他にはどんなものを大切にしてきましたか?
人脈とチームワークです。組織の業務を活性化するために、いろんなことに積極的に参加してネットワークを築き、より多くの情報を得る努力をしていました。チームワークは仕事を進めていく上で1番大切で、対話と尊重を心掛けていました。最後は「オンリーワンになる」こと。小さなことでもいいので私じゃないとできないもの、「これは陶山に聞いてみよう」と思われるような存在になることを心掛けてきました。
チャンスは自分から掴みにいくもの。自分に自信を持って!
リーダーシップを発揮して活躍したいと考えている学生に向けて、メッセージをお願いします。

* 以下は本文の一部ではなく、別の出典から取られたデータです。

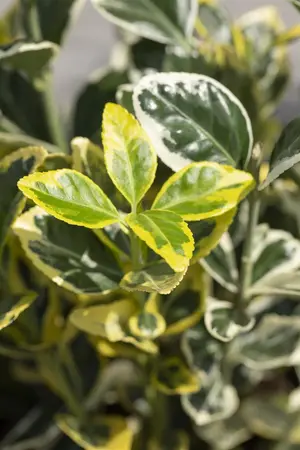 Euonymus jap. 'Twins' - P13 - image 1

社会人としてこれからステップアップしたいと思っている方こそ、いろんな壁にぶつかると思います。他人と比較して自信をなくし、落ち込むこともあるかと思います。そんなときこそ他人との違いをすべて「個性」として受け入れて、良い方向に伸ばしてほしいです。磨きをかけた個性を持って楽しみながら、しなやかに挑戦していただきたいです。そしてチャンスが巡ってきたら、躊躇することなく自信をもって「真っ先にやります!」と言うこと。バッターボックスに立たないと何事も始まりません。それを意識して頑張ってくだされば、企業の多様性の力として活躍することができるはずです。

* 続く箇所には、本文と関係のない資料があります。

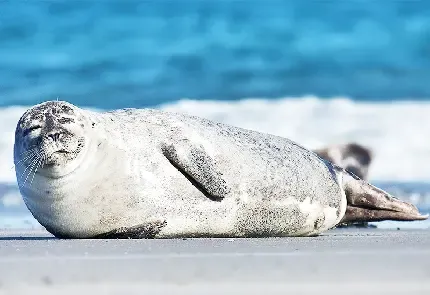  عکس فوک دریایی زیبا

チャンスを自分からつかみにいくうえで、陶山さんが意識してきたことはありますか?
チャンスは人から与えられるものではなく、自分から掴みに行くものだと考えています。ですが素晴らしいチャンスが目の前に来ていても、見過ごしてしまう人って結構いると思うんですよ。それはその人の持つ情報量が少ないから。判断材料となる情報の引き出しが常に自分の中にあれば、チャンスを自分で掴みに行けると思うんです。とにかくいろいろな情報を引き出しに用意しておくことで、自分にとって素敵なチャンスを掴むことができると思います。
ありがとうございます。最後に、ハナジョブ読者へのメッセージをお願いします。
私は常に仕事に夢を持つようにしてきました。夢は叶えてもらうものではなく、自分で叶えにいくもの。夢を持つことで受動的ではなくて能動的に、ネガティブではなくポジティブに行動ができるようになると思います。ぜひ仕事だけでなく、プライベートにおいても「こうなりたい、こうしたいな」っていうものを常に持って取り組んでほしいです。皆さんに期待しています!
取材を終えて
陶山さんの「女性初」という肩書きの裏には、たくさんの努力や仕事に対する工夫がありました。目前に近づく社会人生活。私も陶山さんのように信念を持っていろんなことに「挑戦」し続けたいと思います。今回の取材にあたり、ご尽力いただいた陶山さなえさんをはじめ、秋田県庁の皆さんありがとうございました!
写真提供:陶山さん
陶山さなえさん
1957年生まれ。79年、安田火災海上保険(現・損保ジャパン)に一般職として入社。95年に総合職に転換。2008年部長、2013年執行役員を経て、2017年にSOMPO企業保険金サポート、2019年にはSOMPOコミュニケーションズの代表取締役社長に就任。2021年7月に現職の秋田県理事に就任。庁内外での女性活躍や男女共同参画の推進を担う。